→ Materials provided:
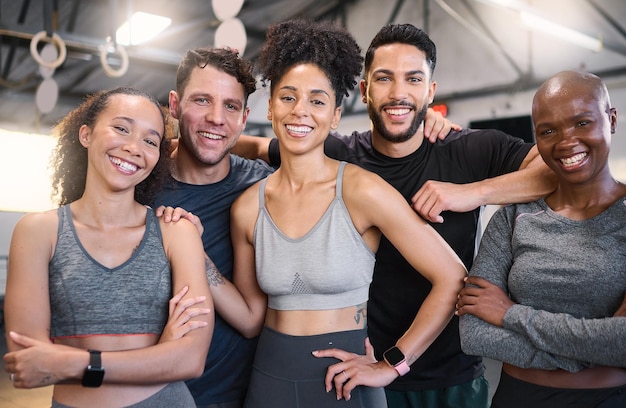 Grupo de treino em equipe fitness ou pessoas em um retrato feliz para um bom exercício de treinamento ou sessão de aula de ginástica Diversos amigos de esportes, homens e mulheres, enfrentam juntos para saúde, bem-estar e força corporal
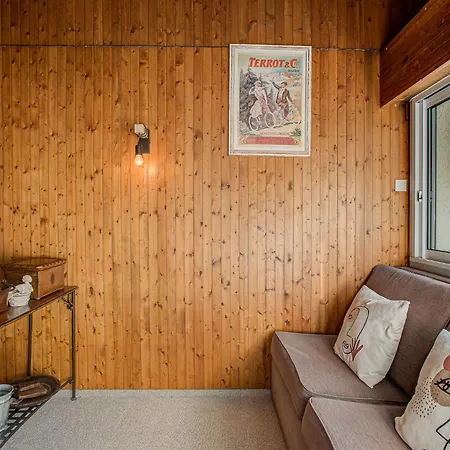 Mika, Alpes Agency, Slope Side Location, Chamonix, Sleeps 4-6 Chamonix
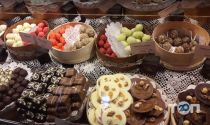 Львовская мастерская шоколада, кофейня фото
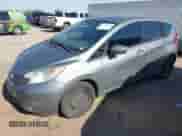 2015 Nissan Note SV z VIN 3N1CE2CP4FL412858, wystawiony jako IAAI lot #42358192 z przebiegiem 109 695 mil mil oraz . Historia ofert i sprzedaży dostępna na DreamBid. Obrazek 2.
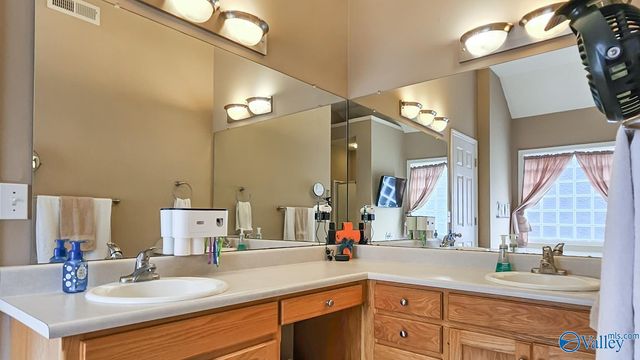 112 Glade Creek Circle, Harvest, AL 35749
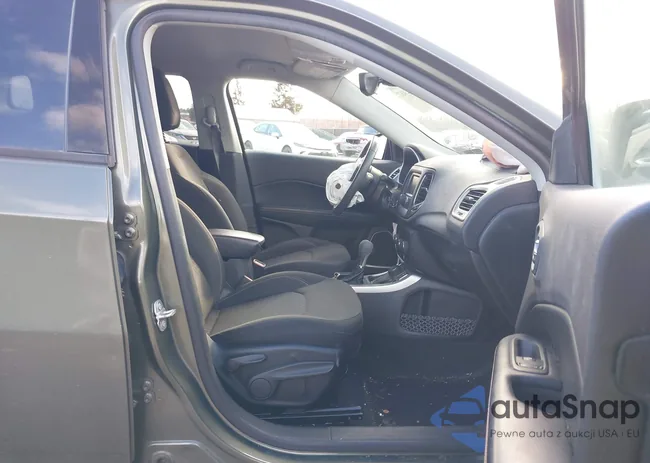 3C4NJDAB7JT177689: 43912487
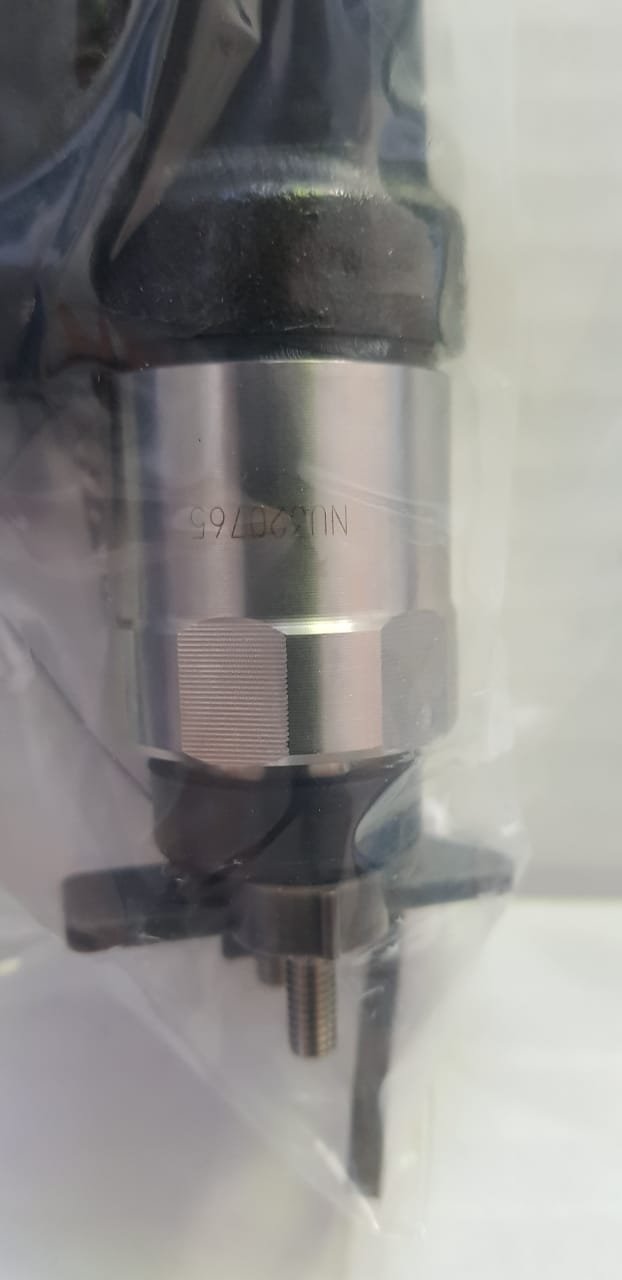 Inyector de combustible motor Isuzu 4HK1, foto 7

==

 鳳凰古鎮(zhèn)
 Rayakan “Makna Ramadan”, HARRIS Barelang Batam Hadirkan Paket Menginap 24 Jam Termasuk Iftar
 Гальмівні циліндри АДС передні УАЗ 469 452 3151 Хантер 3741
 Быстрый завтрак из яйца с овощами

---

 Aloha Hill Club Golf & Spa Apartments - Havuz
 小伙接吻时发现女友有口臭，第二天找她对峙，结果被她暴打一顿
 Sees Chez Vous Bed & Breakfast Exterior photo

→ Assignment: The copy should hold exactly the lines above from the one with "Mika, Alpes Agency, Slope" through the one with "Inyector de combustible", both ends counted, and no pictures at all.

→ Answer space:
 Mika, Alpes Agency, Slope Side Location, Chamonix, Sleeps 4-6 Chamonix
 Львовская мастерская шоколада, кофейня фото
 2015 Nissan Note SV z VIN 3N1CE2CP4FL412858, wystawiony jako IAAI lot #42358192 z przebiegiem 109 695 mil mil oraz . Historia ofert i sprzedaży dostępna na DreamBid. Obrazek 2.
 112 Glade Creek Circle, Harvest, AL 35749
 3C4NJDAB7JT177689: 43912487
 Inyector de combustible motor Isuzu 4HK1, foto 7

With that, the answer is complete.